The Markit iTraxx Europe index was nearly 9bp wider at 172bp, with financials driving the deterioration.

UK banks Royal Bank of Scotland and Lloyds Banking Group are confronting calls for their nationalisation after the government’s additional bailout package was met with a tepid response. From a credit perspective, senior bondholders should welcome the strengthening of balance sheets and guarantees against losses on assets. But the uncertainty around ownership and future capital structure has unnerved investors and pushed spreads wider. Equity investors, however, are first in the firing line, and RBOS shareholders have seen their holdings all but wiped out. Spreads are wider but still a long way off levels seen last year, when the government’s support was less explicit.Irish banks are even worse off, having seen the third largest name in the sector being nationalised last week. Rumours that AIB and Bank of Ireland – the two largest domestic banks – face the same fate sent spreads in both names wider today. Other banks operating in countries with stretched public finances – such as Spain and Italy – were also under pressure today.

Ireland’s banking sector is several times the size of the national income, and a wholesale nationalisation of the industry would put its AAA rating under severe strain. The sovereign CDS spreads widened sharply today to 300bp, around the same level as AIB.

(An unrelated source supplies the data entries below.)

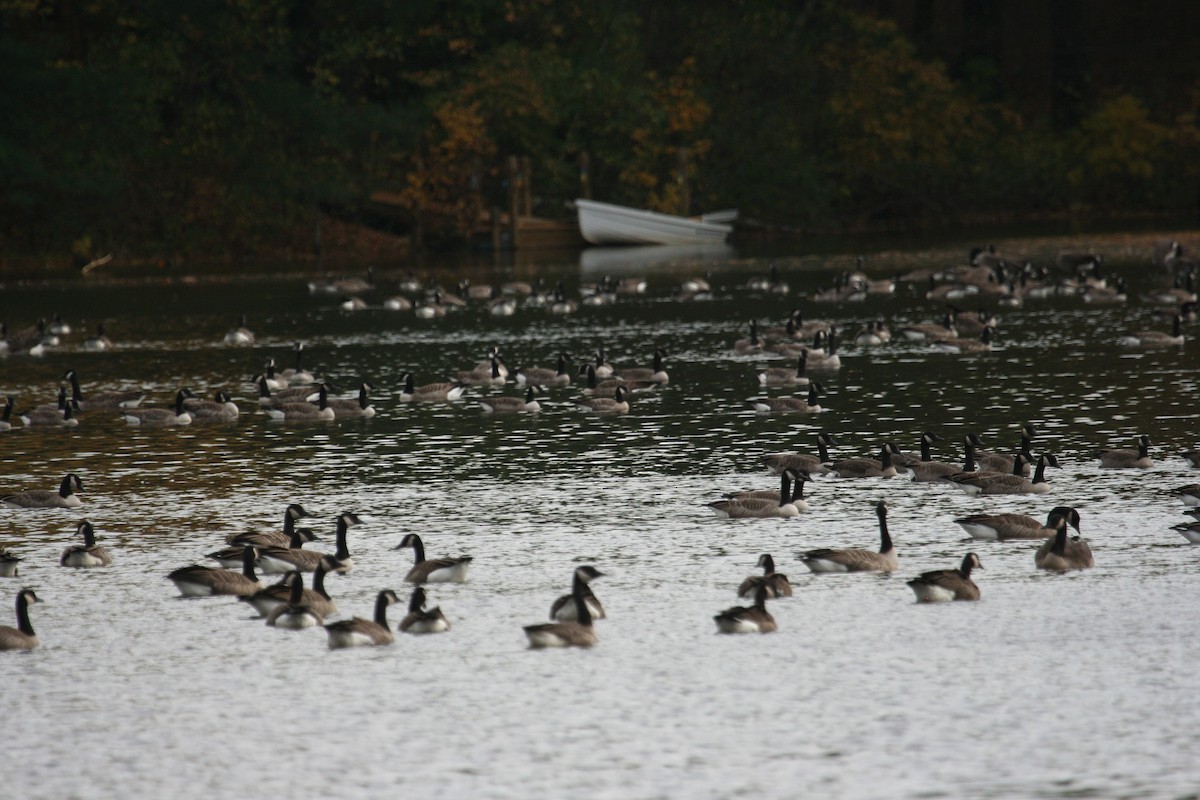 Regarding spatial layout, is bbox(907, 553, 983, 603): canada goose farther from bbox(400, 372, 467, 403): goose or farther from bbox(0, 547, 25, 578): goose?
bbox(400, 372, 467, 403): goose

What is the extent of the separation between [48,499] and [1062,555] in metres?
10.7

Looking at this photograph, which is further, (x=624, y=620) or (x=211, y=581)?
(x=211, y=581)

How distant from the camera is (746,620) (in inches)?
520

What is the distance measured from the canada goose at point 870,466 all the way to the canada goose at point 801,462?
0.24 m

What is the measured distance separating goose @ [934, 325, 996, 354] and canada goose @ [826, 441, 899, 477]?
12337mm

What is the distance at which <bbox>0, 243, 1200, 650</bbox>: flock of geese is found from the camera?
13609 millimetres

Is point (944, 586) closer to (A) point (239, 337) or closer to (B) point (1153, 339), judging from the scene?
(B) point (1153, 339)

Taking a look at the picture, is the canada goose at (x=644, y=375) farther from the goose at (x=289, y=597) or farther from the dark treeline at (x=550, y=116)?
the dark treeline at (x=550, y=116)

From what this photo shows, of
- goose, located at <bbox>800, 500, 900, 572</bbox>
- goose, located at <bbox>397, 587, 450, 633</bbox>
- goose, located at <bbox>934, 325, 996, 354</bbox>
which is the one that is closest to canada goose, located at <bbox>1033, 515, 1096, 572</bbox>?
goose, located at <bbox>800, 500, 900, 572</bbox>

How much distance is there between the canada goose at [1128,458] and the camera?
750 inches

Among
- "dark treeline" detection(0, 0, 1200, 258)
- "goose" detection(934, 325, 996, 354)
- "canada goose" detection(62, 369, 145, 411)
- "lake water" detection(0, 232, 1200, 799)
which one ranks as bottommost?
"lake water" detection(0, 232, 1200, 799)

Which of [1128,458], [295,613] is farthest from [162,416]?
[1128,458]

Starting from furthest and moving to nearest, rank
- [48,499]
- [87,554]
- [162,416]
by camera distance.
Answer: [162,416], [48,499], [87,554]

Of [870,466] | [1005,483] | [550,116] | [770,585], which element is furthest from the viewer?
[550,116] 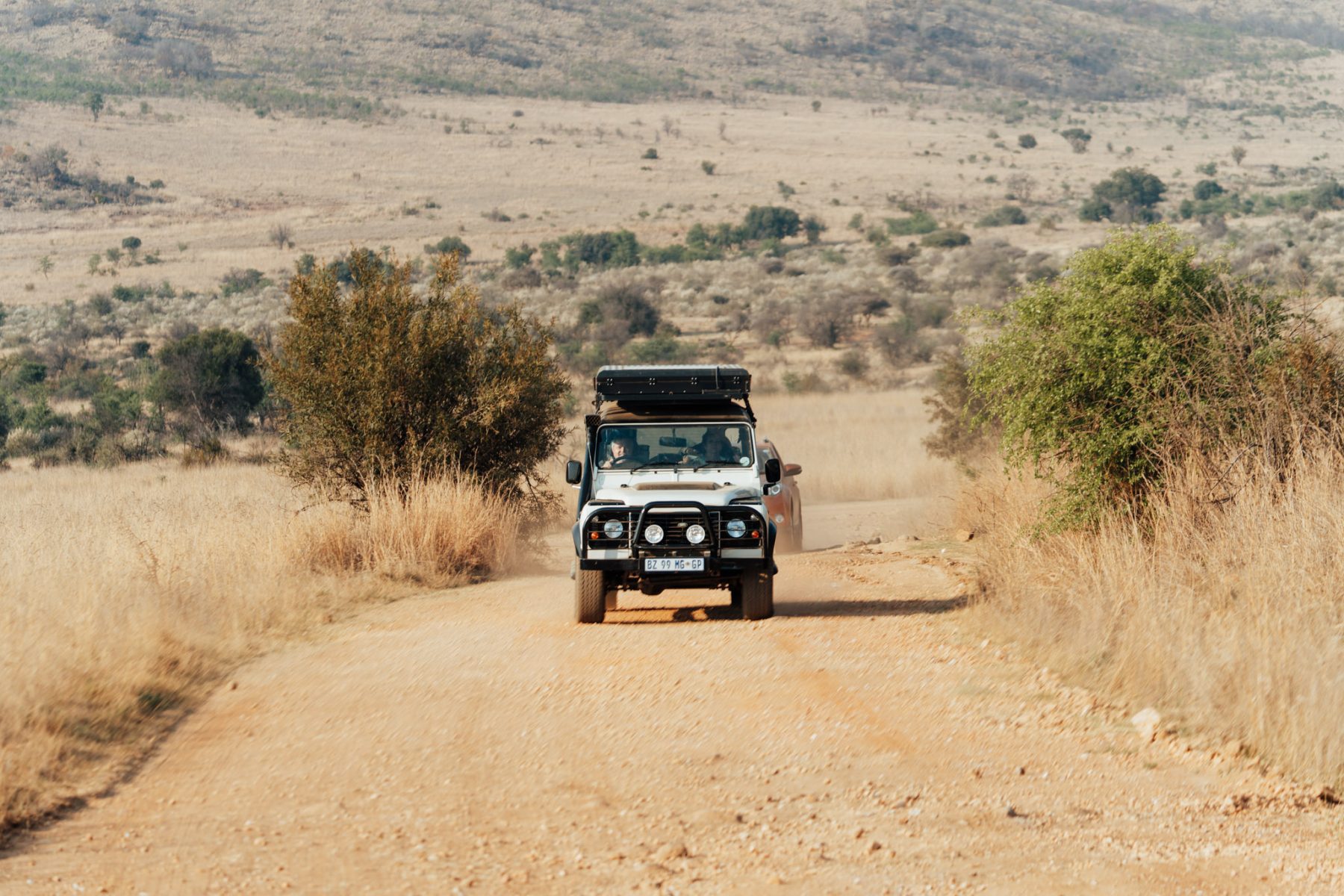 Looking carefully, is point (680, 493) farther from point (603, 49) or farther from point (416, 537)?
point (603, 49)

Outside of the financial sector, the auto sector was in focus. Fiat‘s spreads widened after it announced it was to take a 35% stake in struggling US car maker Chrysler. In return, Chrysler gets access to production and distribution assets. The deal does not involve a cash investment on Fiat’s part, and the Italian car maker made it clear that it would not commit to funding Chrysler in the future.

However, entering the US car market at this stage of the cycle is risky and was greeted negatively by the market. Rumours that the French government was preparing to bailout Peugeot and Renault placed them among the day’s best performers, though the negative sentiment permeating the market meant that they still widened.

The much-heralded Obama effect was nowhere to be seen in US financial markets today, with spreads widening significantly. Widening names outnumbered those that tightened by more than seven to one.Banks were again the catalyst, with fears of further losses pushing spreads wider.

State Street spooked investors after it disclosed a 71% drop in fourth-quarter profit driven by losses on ABCP conduits and other investments. The energy sector alos underperformed after ConocoPhillips announced large writedowns and job cuts.